→ Data extracted from a collection
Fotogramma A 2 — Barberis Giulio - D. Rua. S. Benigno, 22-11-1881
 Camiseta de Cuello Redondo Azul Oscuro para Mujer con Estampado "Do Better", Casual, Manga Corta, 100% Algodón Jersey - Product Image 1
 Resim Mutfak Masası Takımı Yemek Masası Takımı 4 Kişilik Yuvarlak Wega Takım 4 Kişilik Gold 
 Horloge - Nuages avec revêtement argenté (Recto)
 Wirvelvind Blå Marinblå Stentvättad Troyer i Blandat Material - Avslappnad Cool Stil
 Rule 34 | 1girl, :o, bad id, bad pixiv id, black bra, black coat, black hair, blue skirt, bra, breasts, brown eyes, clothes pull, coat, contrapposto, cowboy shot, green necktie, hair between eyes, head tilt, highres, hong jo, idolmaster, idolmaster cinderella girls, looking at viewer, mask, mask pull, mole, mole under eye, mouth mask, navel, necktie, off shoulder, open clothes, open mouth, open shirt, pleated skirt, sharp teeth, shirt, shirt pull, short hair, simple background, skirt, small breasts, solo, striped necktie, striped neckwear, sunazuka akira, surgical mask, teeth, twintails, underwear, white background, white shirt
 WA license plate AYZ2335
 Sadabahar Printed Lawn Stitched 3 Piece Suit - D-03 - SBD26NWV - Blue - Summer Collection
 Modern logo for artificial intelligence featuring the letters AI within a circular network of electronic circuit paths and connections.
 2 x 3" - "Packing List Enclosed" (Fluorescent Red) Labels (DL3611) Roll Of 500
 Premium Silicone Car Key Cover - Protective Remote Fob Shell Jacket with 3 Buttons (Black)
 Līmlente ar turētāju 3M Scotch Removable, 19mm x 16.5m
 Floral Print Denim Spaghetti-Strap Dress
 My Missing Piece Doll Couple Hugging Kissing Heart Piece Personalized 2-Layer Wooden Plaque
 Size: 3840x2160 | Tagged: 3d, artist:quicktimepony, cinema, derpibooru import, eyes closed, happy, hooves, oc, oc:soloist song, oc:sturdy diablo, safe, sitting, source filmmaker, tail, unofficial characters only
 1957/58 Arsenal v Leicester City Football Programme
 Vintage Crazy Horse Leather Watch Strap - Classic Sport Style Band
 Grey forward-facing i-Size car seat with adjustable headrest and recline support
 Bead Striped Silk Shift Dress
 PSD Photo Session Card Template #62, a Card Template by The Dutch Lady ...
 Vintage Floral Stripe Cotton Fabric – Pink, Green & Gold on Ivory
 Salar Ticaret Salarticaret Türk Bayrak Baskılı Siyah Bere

→ TASK DESCRIPTION
All that is wanted is the stretch of lines above from the one containing "Grey forward-facing i-Size" through the one containing "Vintage Floral Stripe", duplicated exactly.

→ WRITTEN SOLUTION
 Grey forward-facing i-Size car seat with adjustable headrest and recline support
 Bead Striped Silk Shift Dress
 PSD Photo Session Card Template #62, a Card Template by The Dutch Lady ...
 Vintage Floral Stripe Cotton Fabric – Pink, Green & Gold on Ivory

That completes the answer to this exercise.